Below is a listing with pictures. Repeat exactly the lines starting at the one holding "Blona Shad Ta Poster" and going on through the one holding "Casio Men's MTD-1069D-1AVDF", and leave every picture out.

======== Input records

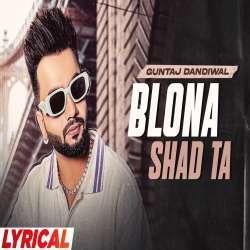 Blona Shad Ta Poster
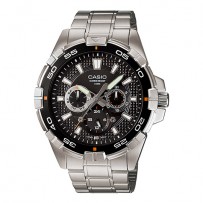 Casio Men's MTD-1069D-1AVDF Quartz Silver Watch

================
======== Input records

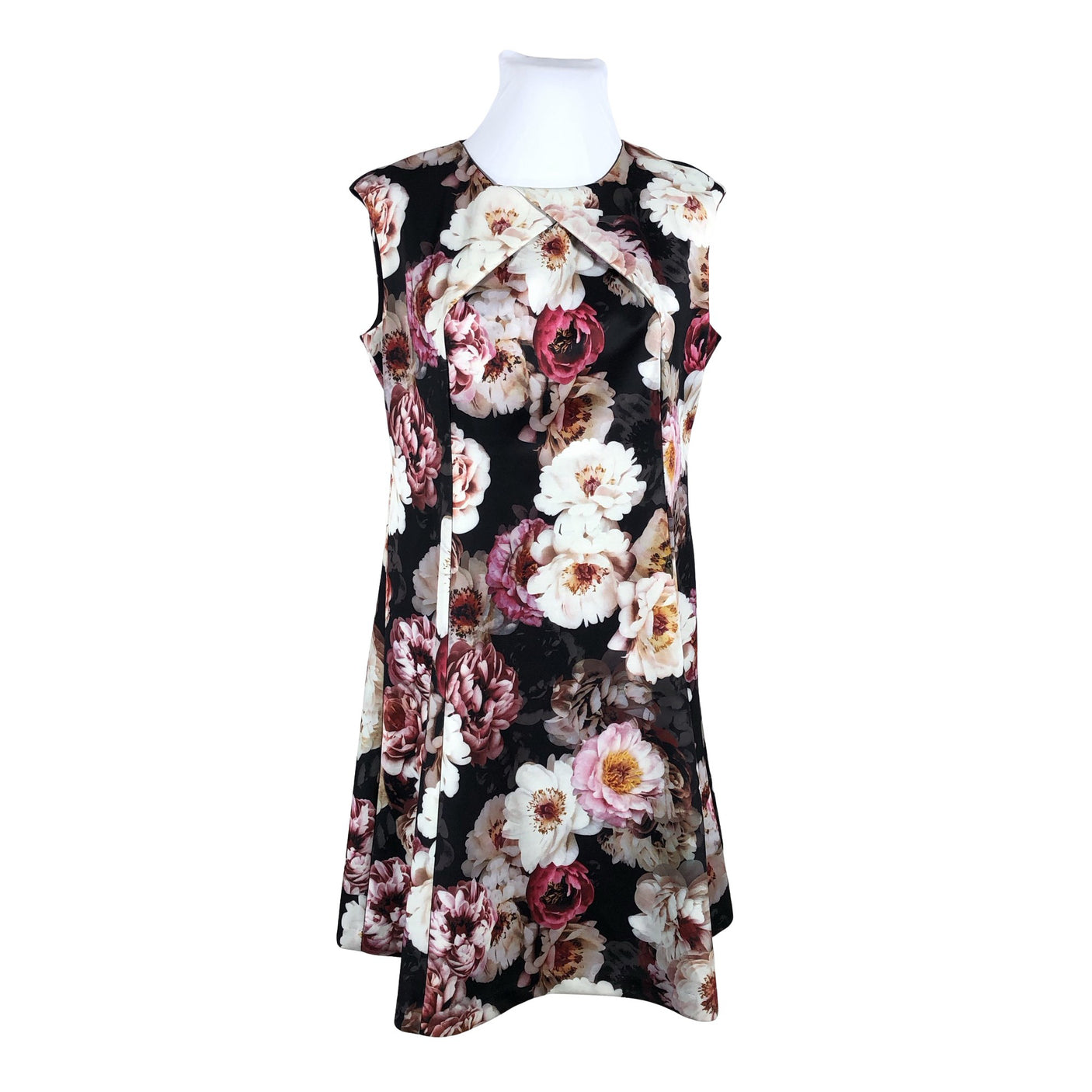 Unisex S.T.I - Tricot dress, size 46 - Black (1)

================
======== Input records

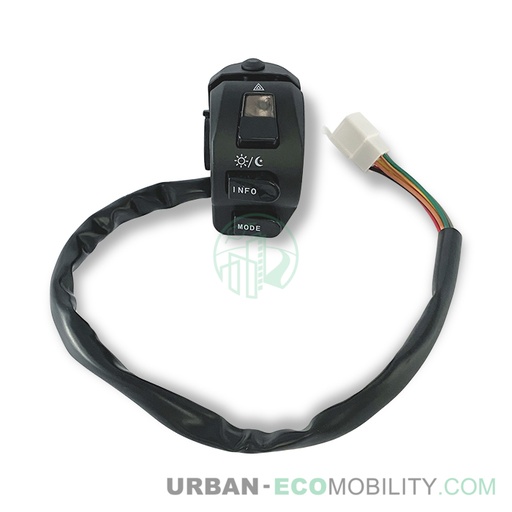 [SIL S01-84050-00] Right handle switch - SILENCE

================

● Output for this exercise
 Blona Shad Ta Poster
 Casio Men's MTD-1069D-1AVDF Quartz Silver Watch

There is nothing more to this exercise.